● **Data segment**:

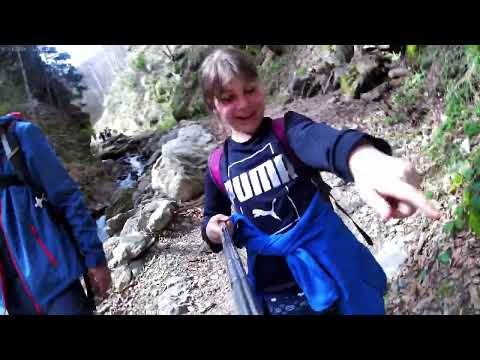 Cu Iris la cascada Scoruș - 31 martie, 2024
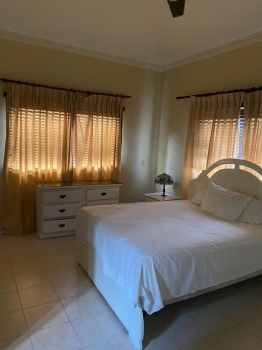 Villa en venta en juan dolio.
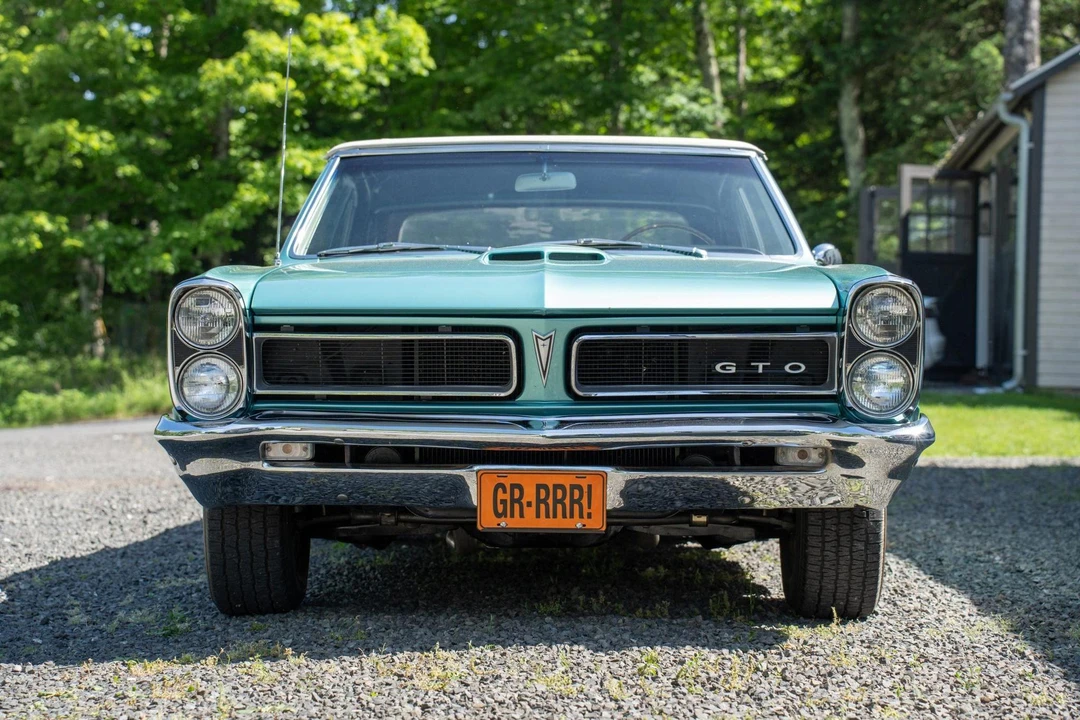 1965 Pontiac LeMans 2nd Gen - Image 11 of 31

● **Problem**:
Give the complete material again, exactly as written. Do not include the pictures.

● **Answer section**:
 Cu Iris la cascada Scoruș - 31 martie, 2024
 Villa en venta en juan dolio.
 1965 Pontiac LeMans 2nd Gen - Image 11 of 31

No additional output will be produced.